• MATERIALS PROVIDED

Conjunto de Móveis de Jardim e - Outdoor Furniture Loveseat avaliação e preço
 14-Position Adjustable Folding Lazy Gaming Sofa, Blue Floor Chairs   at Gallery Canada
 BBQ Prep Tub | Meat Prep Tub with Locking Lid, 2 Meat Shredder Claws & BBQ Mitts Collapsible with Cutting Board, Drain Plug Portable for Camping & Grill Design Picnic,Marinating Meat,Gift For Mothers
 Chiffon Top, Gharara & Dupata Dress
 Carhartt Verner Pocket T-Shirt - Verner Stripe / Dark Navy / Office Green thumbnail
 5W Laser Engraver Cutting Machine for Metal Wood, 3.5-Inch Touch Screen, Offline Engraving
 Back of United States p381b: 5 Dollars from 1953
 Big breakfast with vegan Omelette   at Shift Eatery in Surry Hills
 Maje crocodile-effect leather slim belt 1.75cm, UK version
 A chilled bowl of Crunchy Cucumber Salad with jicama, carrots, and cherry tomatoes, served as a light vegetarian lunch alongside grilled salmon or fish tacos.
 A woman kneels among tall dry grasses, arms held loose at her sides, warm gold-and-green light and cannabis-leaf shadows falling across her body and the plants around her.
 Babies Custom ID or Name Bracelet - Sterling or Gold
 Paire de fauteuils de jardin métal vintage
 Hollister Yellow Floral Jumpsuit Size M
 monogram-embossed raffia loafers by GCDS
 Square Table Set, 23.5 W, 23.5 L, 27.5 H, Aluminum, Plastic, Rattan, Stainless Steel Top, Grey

• ASSIGNMENT
Every line from the one that has "Carhartt Verner Pocket" down to the last line above must be written out exactly, with both ends included and nothing else.

• TASK OUTPUT
 Carhartt Verner Pocket T-Shirt - Verner Stripe / Dark Navy / Office Green thumbnail
 5W Laser Engraver Cutting Machine for Metal Wood, 3.5-Inch Touch Screen, Offline Engraving
 Back of United States p381b: 5 Dollars from 1953
 Big breakfast with vegan Omelette   at Shift Eatery in Surry Hills
 Maje crocodile-effect leather slim belt 1.75cm, UK version
 A chilled bowl of Crunchy Cucumber Salad with jicama, carrots, and cherry tomatoes, served as a light vegetarian lunch alongside grilled salmon or fish tacos.
 A woman kneels among tall dry grasses, arms held loose at her sides, warm gold-and-green light and cannabis-leaf shadows falling across her body and the plants around her.
 Babies Custom ID or Name Bracelet - Sterling or Gold
 Paire de fauteuils de jardin métal vintage
 Hollister Yellow Floral Jumpsuit Size M
 monogram-embossed raffia loafers by GCDS
 Square Table Set, 23.5 W, 23.5 L, 27.5 H, Aluminum, Plastic, Rattan, Stainless Steel Top, Grey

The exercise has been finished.